European Court of Justice judgment (about 24 pages, HTML) of 6 January 2004
BAI and Commission of the European Communities v Bayer AG, Cases C-2/01 and C-3/01

Court of First Instance judgment (about 30 pages, HTML) of 26 October 2000
Bayer AG v Commission of the European Communities, Case T-41/96

European Commission decision (about 65 pages, HTML) of 10 January 1996

Article 81: concept of agreement/concertation
Article numbers refer to the 1997 consolidated version of the EC Treaty.

The judgment of the Court of Justice in the Bayer (Adalat) case is a leading authority on the concept of agreement or concerted practice caught by Article 81.

The case relates to parallel trade in Bayer's drug Adalat.

The Commission decision was that arrangements between Bayer and the French and Spanish wholesalers buying Adalat that prohibited exportation of the drug to other countries in the EU had infringed Article 81.

The Court of First Instance, on Bayer's application, quashed that decision, holding that the restriction on competition and parallel trade complained of by the Commission was not the object or effect of any agreement between Bayer and wholesalers, but rather the result of a unilateral policy of withholding supplies that had been implemented by Bayer in its dealings with wholesalers.

The Court of Justice rejected challenges by parallel traders and the Commission to the Court of First Instance's judgment. It endorsed the Court of First Instance's characterisation of the matters regulated by Article 81 by “the existence of a concurrence of wills between at least two parties, the form in which it is manifested being unimportant so long as it constitutes the faithful expression of the parties' intention” (paragraph 97) and held that (paragraphs 100-103):

... it is true that the existence of an agreement within the meaning [of Article 81] can be deduced from the conduct of the parties concerned.

However, such an agreement cannot be based on what is only the expression of a unilateral policy of one of the contracting parties, which can be put into effect without the assistance of others. To hold that an agreement prohibited by Article 81(1) of the Treaty may be established simply on the basis of the expression of a unilateral policy aimed at preventing parallel imports would have the effect of confusing the scope of that provision with that of Article 82 of the Treaty. ...

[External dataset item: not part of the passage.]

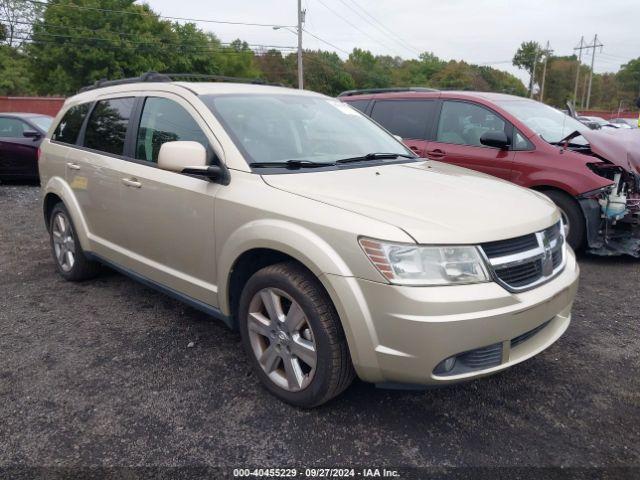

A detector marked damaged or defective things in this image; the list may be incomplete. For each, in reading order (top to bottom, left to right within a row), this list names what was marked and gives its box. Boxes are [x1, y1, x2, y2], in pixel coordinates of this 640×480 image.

damaged red car [338, 88, 636, 256]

Therefore, the Court of First Instance was right to examine whether Bayer's conduct supported the conclusion that the latter had required of the wholesalers, as a condition of their future contractual relations, that they should comply with its new commercial policy.

and (paragraph 141):

The mere concomitant existence of an agreement which is in itself neutral and a measure restricting competition that has been imposed unilaterally does not amount to an agreement prohibited by that provision.

The judgment is explicitly limited to Bayer's challenge of the Commission's Article 81 infringement decision on the grounds that there was no relevant agreement, and does not consider whether Bayer's conduct might have been an abuse of a dominant position prohibited by Article 82.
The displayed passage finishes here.